Understanding Chronic Pain
What’s different about Kennedy Krieger, Dr. Ward says, is its integrated approach to treating pain. Patients are evaluated and treated by an interdisciplinary team, including specialists in rehabilitation medicine, education, neuropsychology, therapeutic recreation, psychiatry, and occupational, physical, and behavioral therapy. The team not only addresses the underlying biological basis of the pain, but also teaches patients and their caregivers the tools they need to cope through behavior therapy.
“Behavior therapy is ideal for helping patients like Katie cope with their pain and their anxiety about pain, so they can do the challenging work of rehabilitation,” explains Keith Slifer, PhD, director of the Pediatric Psychology Consultation Program. By setting achievable short-term goals for patients, therapists help patients gain confidence as they develop better tolerance and regain physical conditioning. This approach reinforces small successes, instills a sense of hopefulness, and challenges the individual to work hard to return to their typical activities. “We help patients reset the focus from what they can’t do to what they can do,” says Dr. Slifer.

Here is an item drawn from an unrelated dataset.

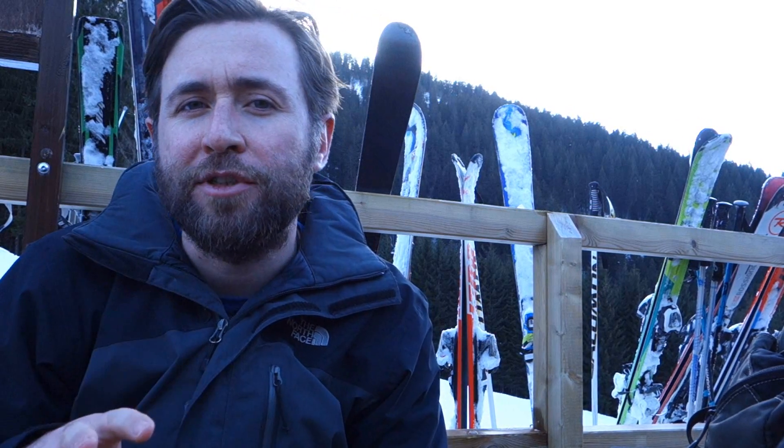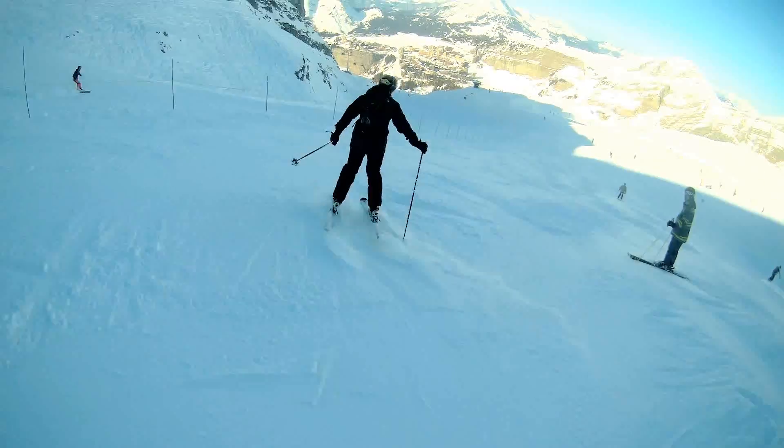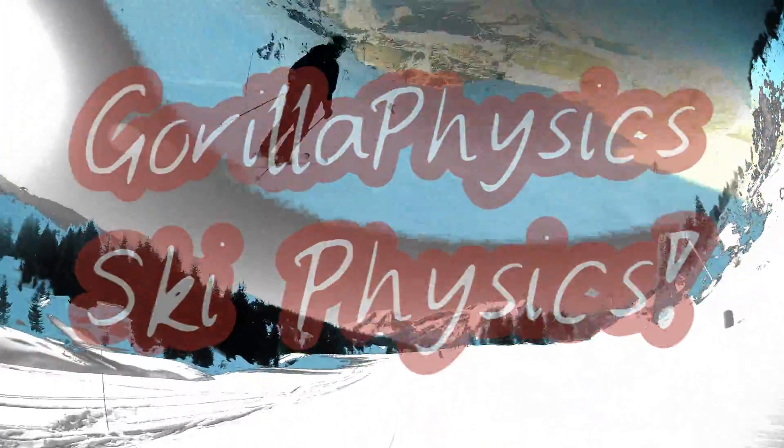So I'm going to talk to you about air resistance today. Clearly skiing is all about forces, and I suggest whenever you're thinking about forces, think about air and forces. We're here in Morzine in the French Alps and we're going to do some physics of skiing.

One of the techniques therapists use is biofeedback—using instruments to measure physiological responses, such as brainwaves, heart function, breathing, muscle activity, and skin temperature. When patients implement cognitive and behavioral coping strategies, they can see themselves calming down on the computer screen, reestablishing a sense of control over their physiology.
For Katie, guided imagery helped her cope with the pain. “I imagine I’m with my horse Piper or doing other things, and it helps me be okay with the pain,” she says. “When it gets really bad I’ll stop and listen to a CD and focus on the music, and it resets where I am. My whole brain takes a break for a second.”

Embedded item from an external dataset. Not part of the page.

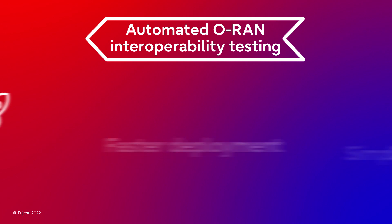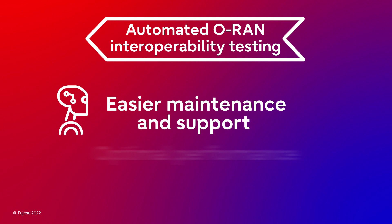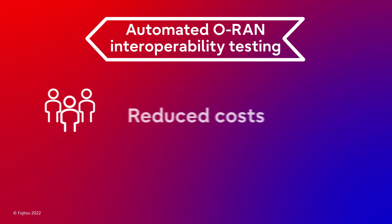The answer is automated interoperability testing. Automated interoperability testing brings important benefits: faster deployment, simpler integration, easier maintenance and support, optimal performance, and reduced costs.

With her physical therapist, Katie gradually began rebuilding the muscle she had lost while in a wheelchair. She used desensitization techniques to learn to put weight on her foot, and soon moved on to walking with crutches, and then with a cane.
Getting Her Life Back
When her parents visited her, they were thrilled with her progress. “When she saw us coming down the hallway, she got up out of her wheelchair and was walking,” recalls Gary Bickford, Katie’s father. “By the second week, she said, ‘I’m done with the wheelchair. I’m done with the crutches. I don’t need these anymore.’” The bright light was back in her eyes and the smile back on her face.

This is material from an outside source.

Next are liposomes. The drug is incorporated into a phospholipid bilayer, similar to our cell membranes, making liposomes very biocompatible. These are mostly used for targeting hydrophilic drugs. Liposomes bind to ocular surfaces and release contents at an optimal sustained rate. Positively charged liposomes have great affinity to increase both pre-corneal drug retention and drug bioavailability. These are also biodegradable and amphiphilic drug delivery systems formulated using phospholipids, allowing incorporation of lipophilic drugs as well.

Katie’s parents met with the team to learn how they could help Katie learn to not focus on the pain. “It’s hard because when my only baby says ‘I hurt,’ I want to hold her and make sure she’s okay, says ML. “But what I really need to do is help her focus on something else—not deny that she’s in pain, but not focus on it.” With the help of her therapists, Katie learned how to better communicate what she was feeling, and her parents learned how to respond to her.
When she had progressed enough to be discharged, Katie was armed with the coping techniques she had learned to help get back to the life she knew before the pain. When summer came, she was at the beach with her friends every day like any other teenager. And in the fall, Katie was able to go back to school, participate in activities like JROTC, and even ride her horse again. The highlight of her year was going to the prom with her new boyfriend.
Although she still feels pain sometimes, Katie is able to cope with it, and it no longer rules her life. Now she has time to focus on more important things, like being a teenager.
“I definitely feel Kennedy Krieger gave me my life back. I couldn’t ask for anything more.”